# Stored data
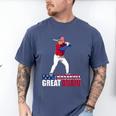 Make Baseball Great Again Donald Trump Baseball Men's Comfort Colors T-Shirt Blue Jean Make Baseball Great Again Donald Trump Baseball Men's Comfort Colors T-Shirt Blue Jean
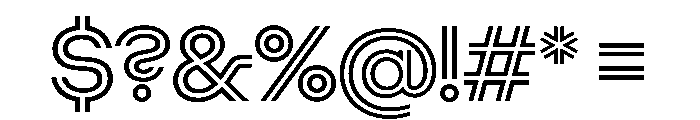 AlgorytmSport Inline Font OTHER CHARS
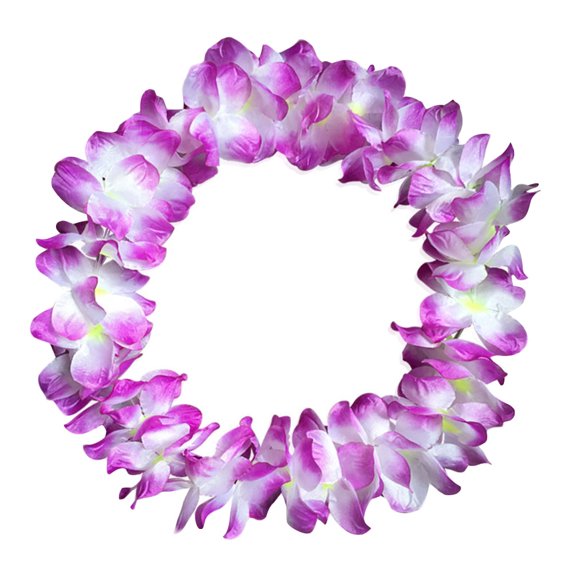 NUZYZ Leis Flower Garlands Hawaii Tropical Party Wear Hen Night Fashion Dress Necklace Purple
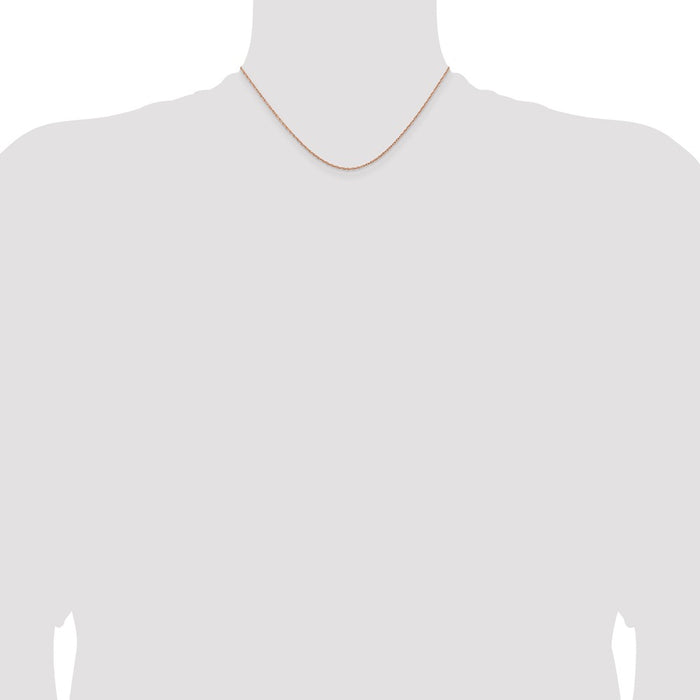 High-Quality 14K Rose Gold 16-Inch Baby Rope Chain - Stylish & Affordable!-4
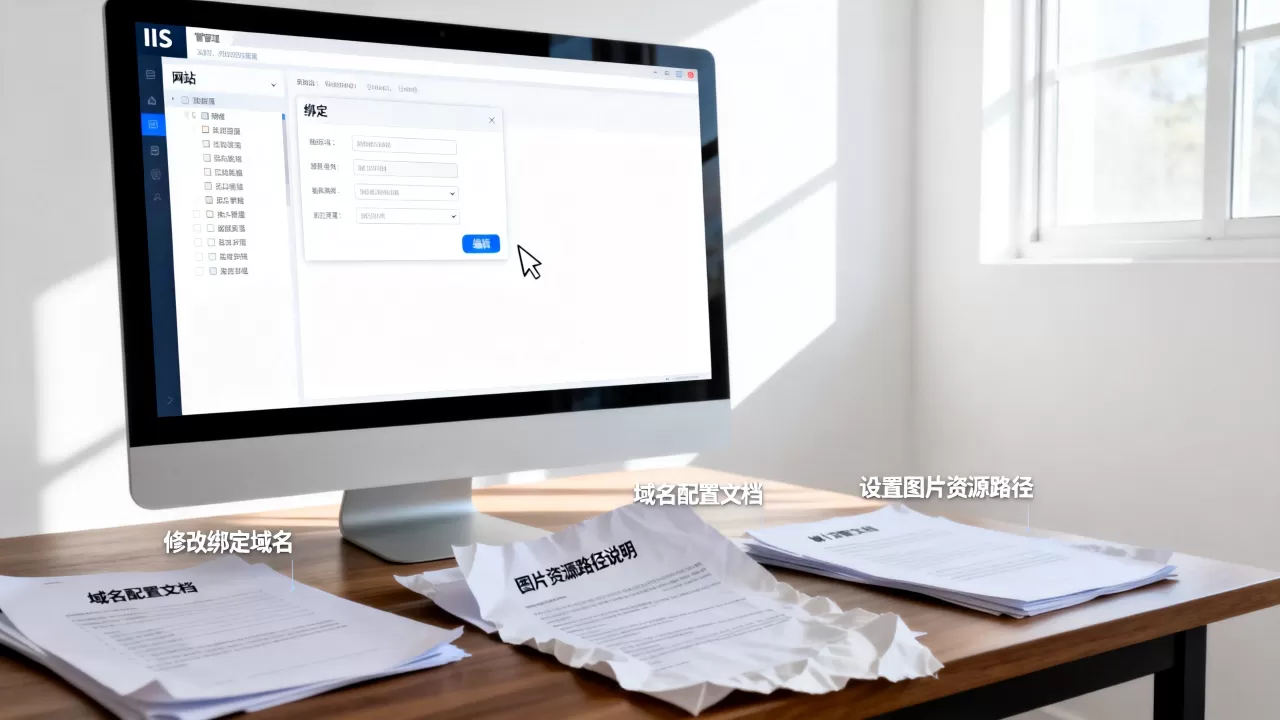 如何修改IIS已绑定的网站域名,图片资源域名怎么设置 如何修改IIS已绑定的网站域名,图片资源域名怎么设置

# What this task involves
All lines from the one containing "NUZYZ Leis Flower" to the last line of the data above, both included, should be printed exactly, and the pictures should not appear.

# Finished exercise
 NUZYZ Leis Flower Garlands Hawaii Tropical Party Wear Hen Night Fashion Dress Necklace Purple
 High-Quality 14K Rose Gold 16-Inch Baby Rope Chain - Stylish & Affordable!-4
 如何修改IIS已绑定的网站域名,图片资源域名怎么设置 如何修改IIS已绑定的网站域名,图片资源域名怎么设置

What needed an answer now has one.